Horace Mann (1796–1859) is widely known as the Father of the Common Schools. Throughout his long and distinguished career, he viewed common knowledge as the sine qua non of a civilized society. As such, only a system of public education, specifically common schools attached to normal teacher training schools, could ensure social and economic progress as well as sustain democracy. To Mann, education and democracy were correlatives; neither could exist without the other. However, what separated Mann from other educational leaders, before and at least since John Dewey, was his ability to be both philosopher and the political activist on behalf of public education.

Like many educated men of his day, Mann turned to teaching as a way to support his own studies. He attended Brown University and enrolled in one of the most prestigious law schools of his day, Litchfield, in Connecticut. A year after he earned his law degree, he was elected to the Dedham, Massachusetts, School Committee. He would serve in both the Massachusetts state house and its senate as well as in the U.S. House of Representatives. In 1837, he was appointed by the governor to a newly constituted board of education and was selected as its first secretary. Mann held this position for 11 years, from 1837 to 1848. It was during his tenure that the first system of public education was developed in Massachusetts.

In his first lecture to the Massachusetts Common School Convention, in 1838, Mann described the current state of public schools as directionless. His plan was to create an organization that would disseminate the best practices of each local community school to all schools. Along with his colleague Cyrus Peirce, he built the state's first normal school in Lexington to train teachers in both pedagogy and subject matter.
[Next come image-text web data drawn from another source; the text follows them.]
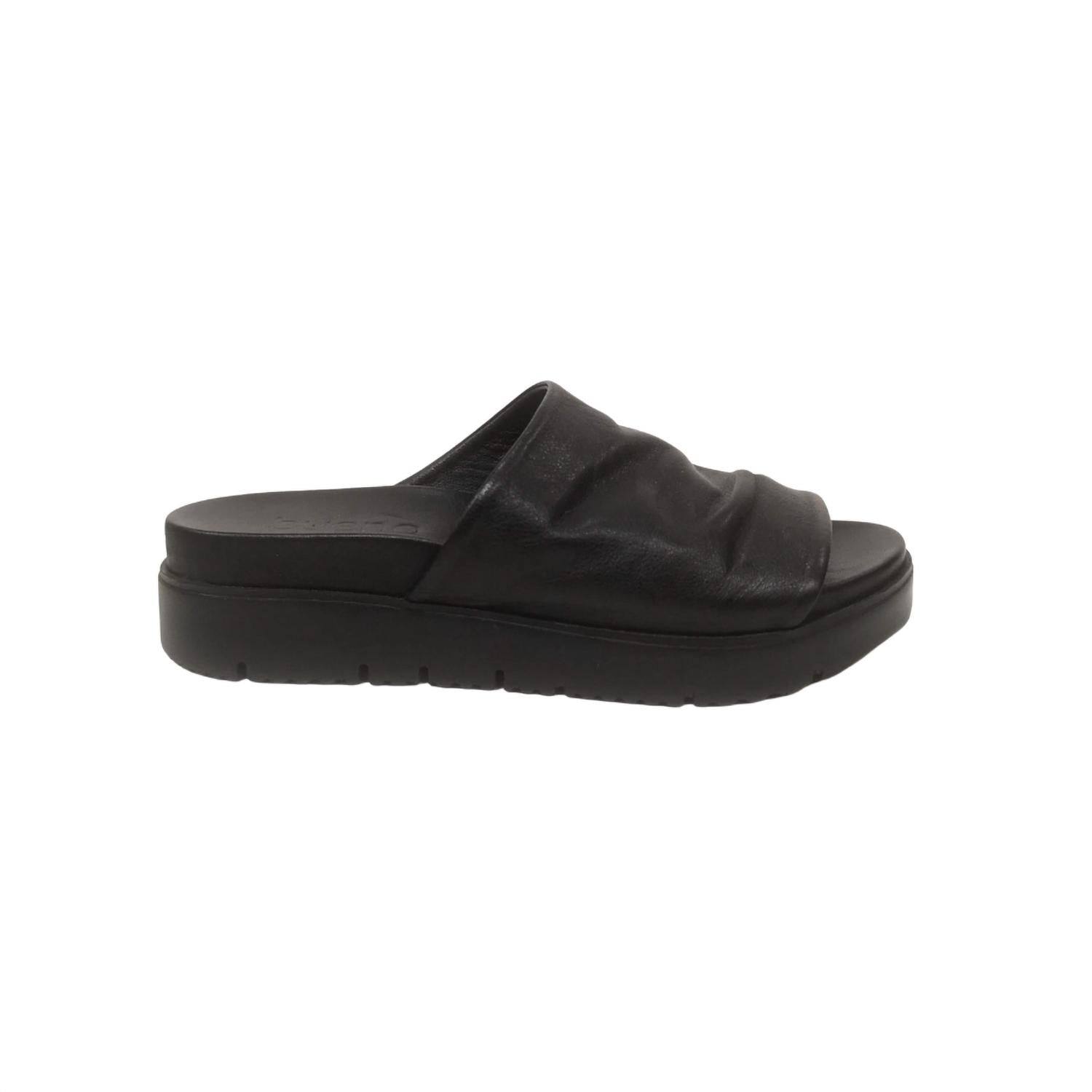 Bueno - Women's Splash Sandal
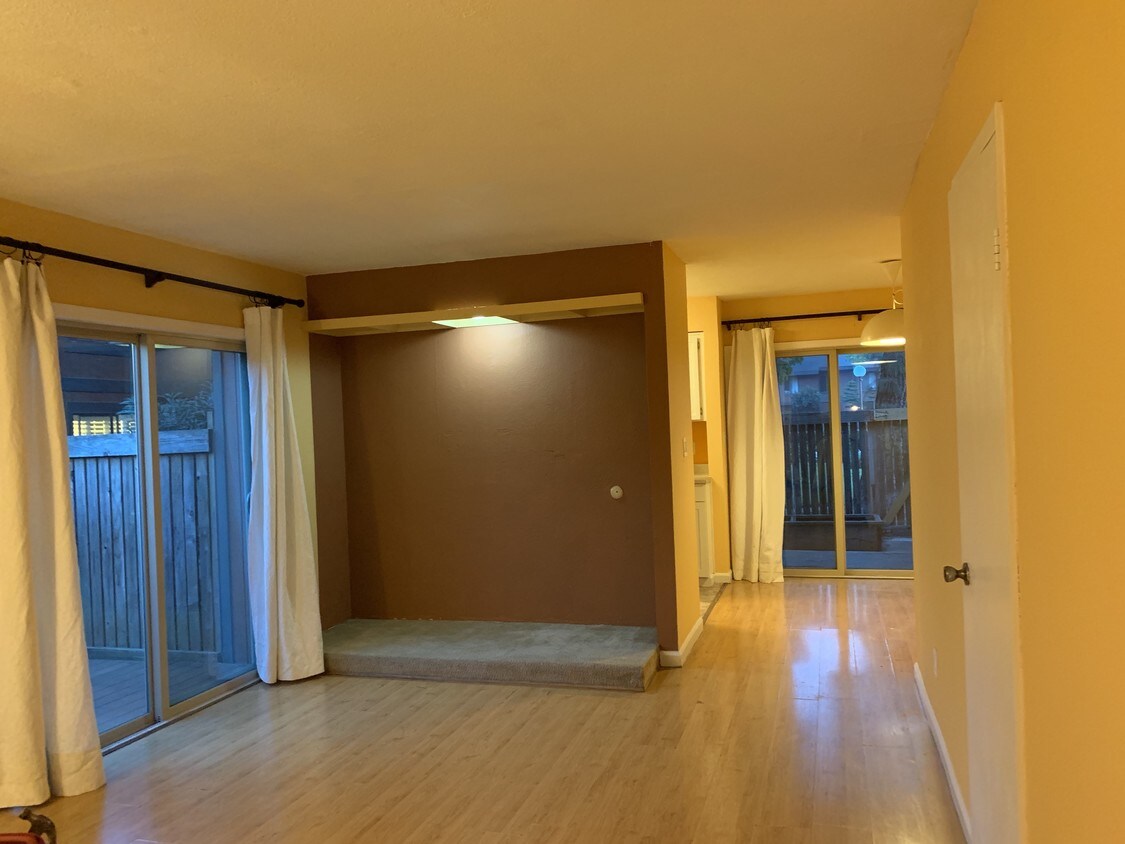 38623 Cherry Ln, Fremont, CA 94536 Condo for Rent in Fremont, CA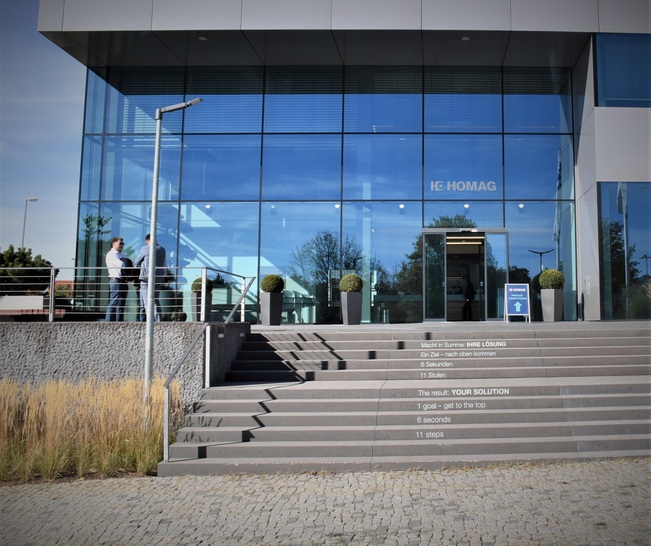 Bei Homag spricht man von "strukturellen Überkapazitäten im Inland" und "Kostendruck", auf den die Unternehmensleitung reagieren müsse.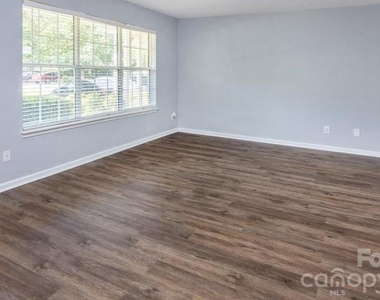 3134 Summercroft Lane - Photo Thumbnail 8
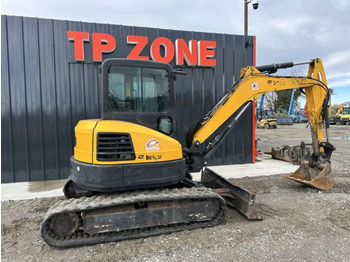 Mini excavator Bobcat E50: picture 3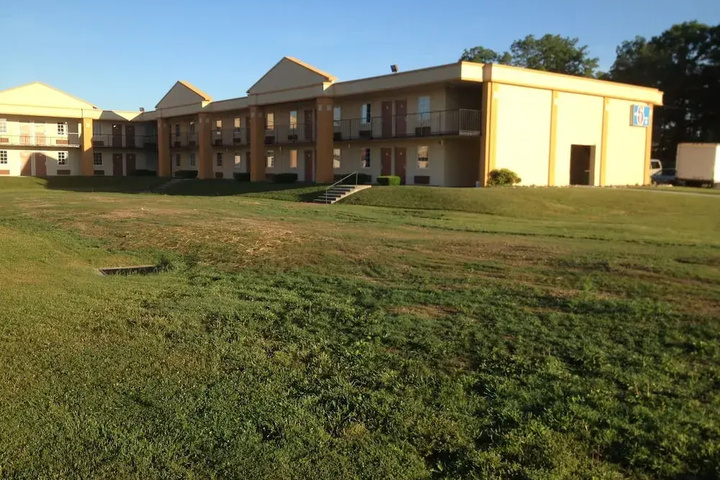 Motel 6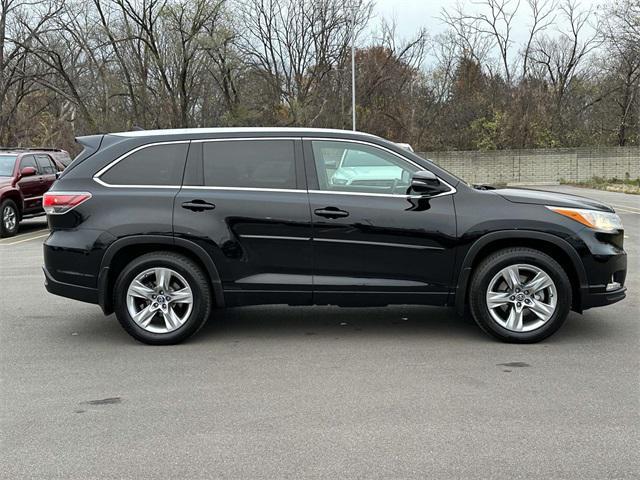 used 2016 Toyota Highlander car, priced at $21,500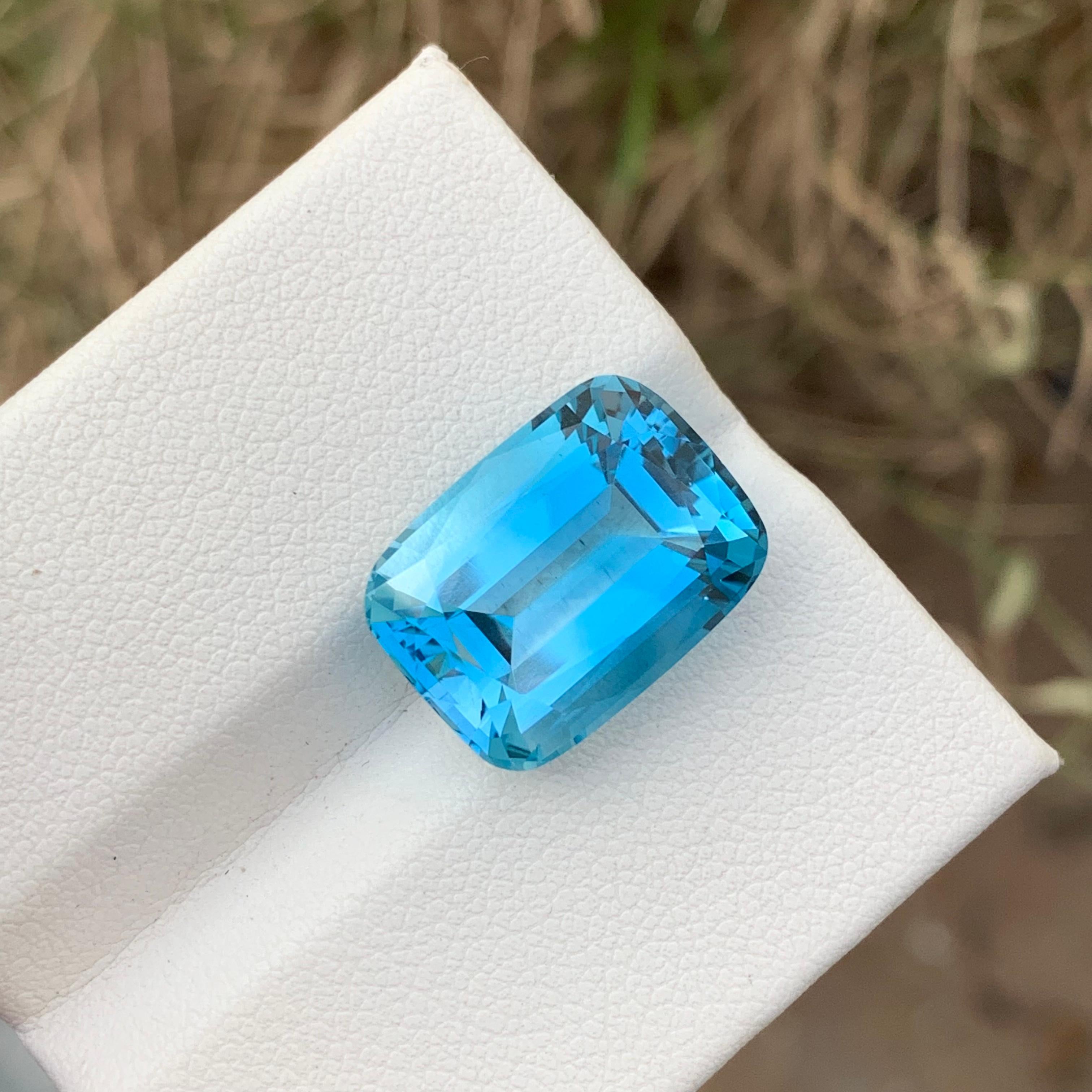 Gorgeous 14.95 Cts Faceted Blue Topaz Gemstone Long Cushion Cut From Brazil Mine In New Condition For Sale In Peshawar, PK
Among his many progressive ideas, one rule stood above all others in teaching children, that is, that learning and pleasure are inseparable. Mann opposed corporal punishment and one-dimensional pedagogies that turned teaching into telling and school subjects into mere words on a page. He decried the deplorable conditions in which children learned, arguing that schoolhouses should be neat, attractive, and fittingly comfortable for children to learn. He chided textbook publishers for seeking profits and not publishing quality books appropriate to children. He was an ardent supporter of both public and school libraries, seeking to build collections of secular books for adults and children consistent with his advocacy of the separation of church and state. As for school improvement, Mann believed in standards of excellence that extended beyond individual schools and communities.

To Mann, the moral and social issues always turned on the necessity for a system of public education. He held up education as the most important of all subjects. He could not compromise causes in which he believed, whether the issues be education, temperance, or antislavery. He opened his house in West Newton to Chloe Lee, the first Negro applicant to that normal school. Later in his career, his antislavery views put him in opposition to the great Massachusetts statesman Daniel Webster. Mann, the system builder, understood that slavery itself undermined the potential of public education for all citizens.